• **Work to complete**: Below are the records; print them again exactly and omit the pictures.

• **Raw data**:
****************************************

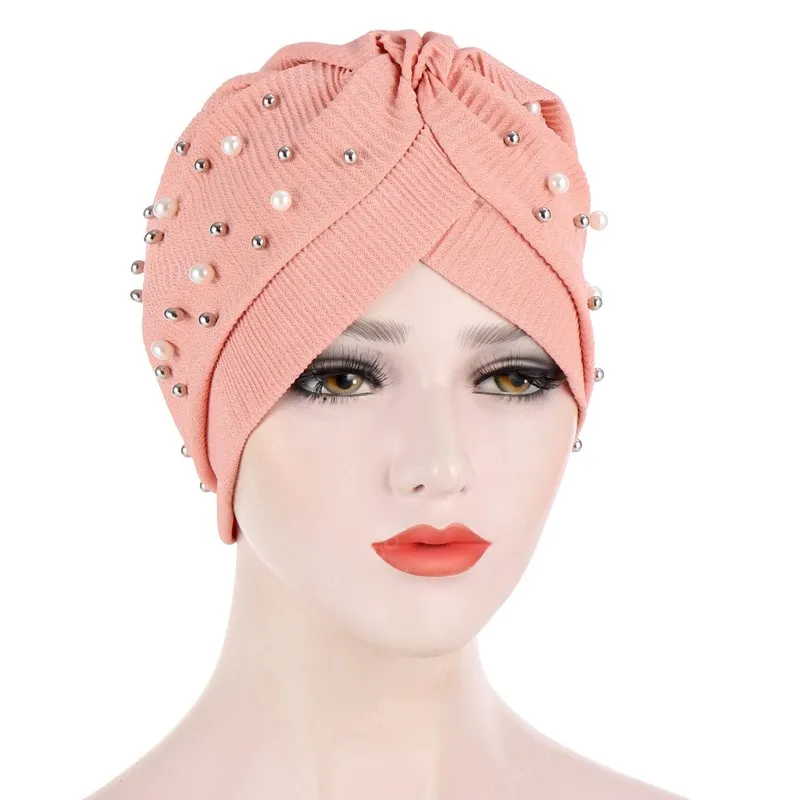 Muzułmańskie Turban Nakrycia głowy dla kobiet Wzburzyć Pearl Bead Caps Chemo Beanse Headwrap dla raka codzienne użyj akcesoriów włosów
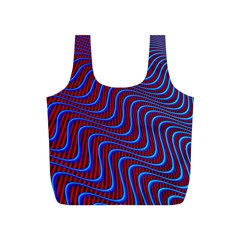 Wave Pattern Background Curves Full Print Recycle Bags (s)  by Celenk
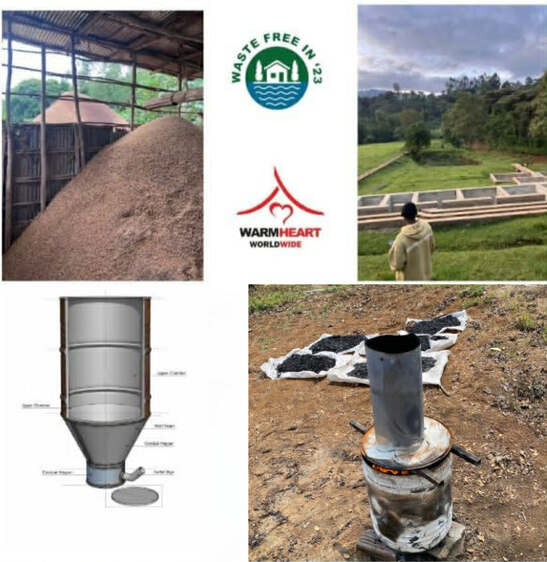 Biochar system cleaning coffee wastewater in Ethiopia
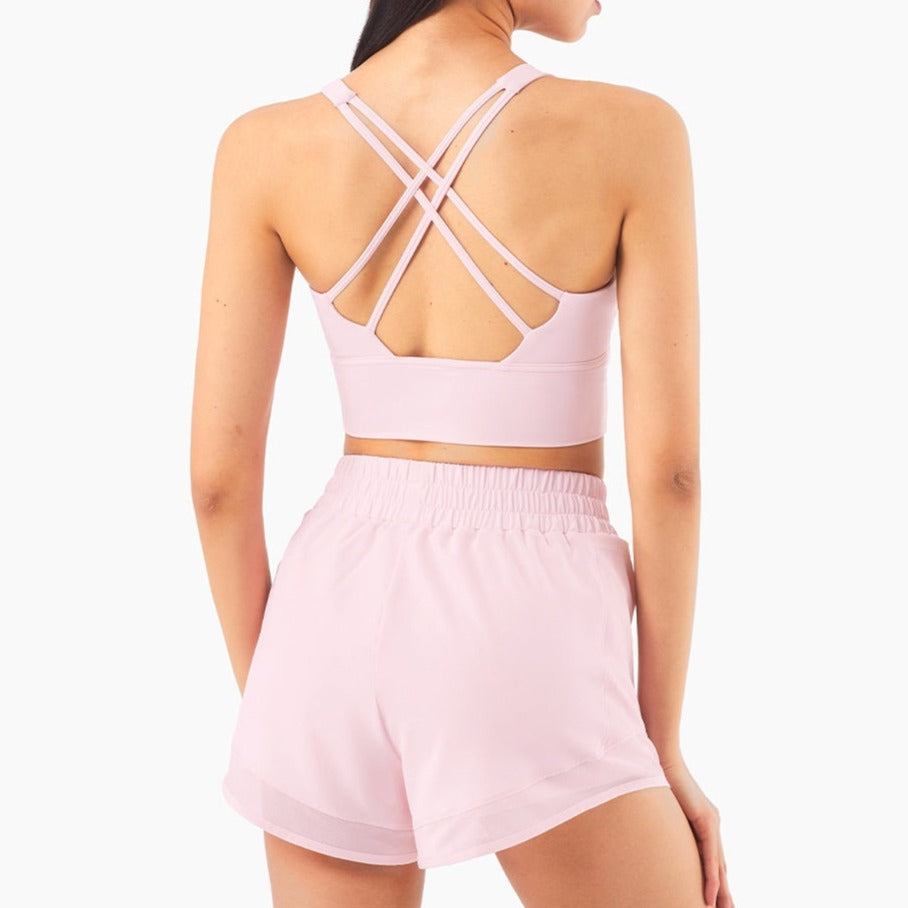 Rose Pink Shorts + Sports Bra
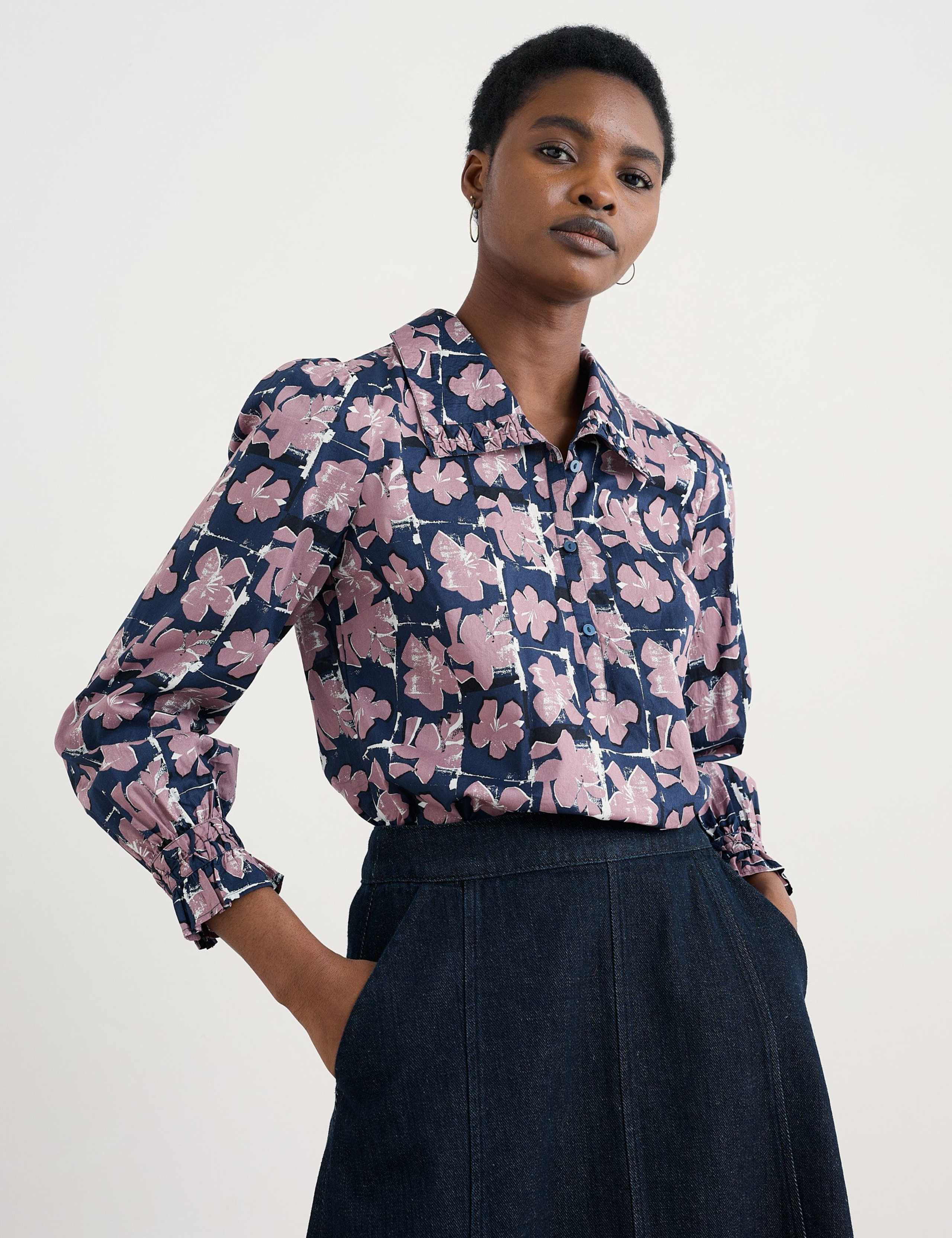 Pure Cotton Floral Collared Blouse 3 of 5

****************************************

• **Answer space**:
 Muzułmańskie Turban Nakrycia głowy dla kobiet Wzburzyć Pearl Bead Caps Chemo Beanse Headwrap dla raka codzienne użyj akcesoriów włosów
 Wave Pattern Background Curves Full Print Recycle Bags (s)  by Celenk
 Biochar system cleaning coffee wastewater in Ethiopia
 Rose Pink Shorts + Sports Bra
 Pure Cotton Floral Collared Blouse 3 of 5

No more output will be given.